Ryan Shuflin wrote:I suspect that since the Red Cross was established by international law, that there is some extra protection given the red cross symbol, but it's scope, I do not know.
Iain Boyd wrote:Dear Charles,
The red cross symbol may 'belong' to the International Committee of the Red Cross, BUT, I would be very surprised if they could stop any individual (let alone a national organisation) from using the same cross in their coat of arms - whatever it's symbolism in those arms.
Ryan is quite right. The various Geneva Conventions govern the use of the symbol.
The overwhelming vast majority of members internationally are not armigerous. Apart from a few County and National Officers (who were appointed for their connections), I know of only one armigerous member in the UK - me.
As a member and officer of almost 20 years standing, I used to train members in the history of the Red Cross and its use. I know for a fact that National Societies do NOT abuse the privilege. For a while, senior officers of the BRCS wore the symbol on a white shield-shaped badge on their collars in full dress uniform. This was discontinued and replaced with a roundel instead. The point being that it was just shield-shaped and not in any way heraldic.

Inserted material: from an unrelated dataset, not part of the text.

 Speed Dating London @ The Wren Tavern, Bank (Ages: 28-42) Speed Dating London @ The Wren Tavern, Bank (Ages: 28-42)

Individual members, as part of their training, learn about the origins of the Societies and the protection afforded by the symbol. I would be very surprised if one of them assumed arms and flouted the conventions. I really can't see either the College or Lord Lyon granting arms with the symbol without consulting the Society first. The same would go for the St John symbol or any other publicly known symbol.
Surprisingly it is the armed forces of the various countries which abuse the symbol the most. When forces are "under arms", they just can't get their heads round the idea of "You can't bring your gun into the first aid post".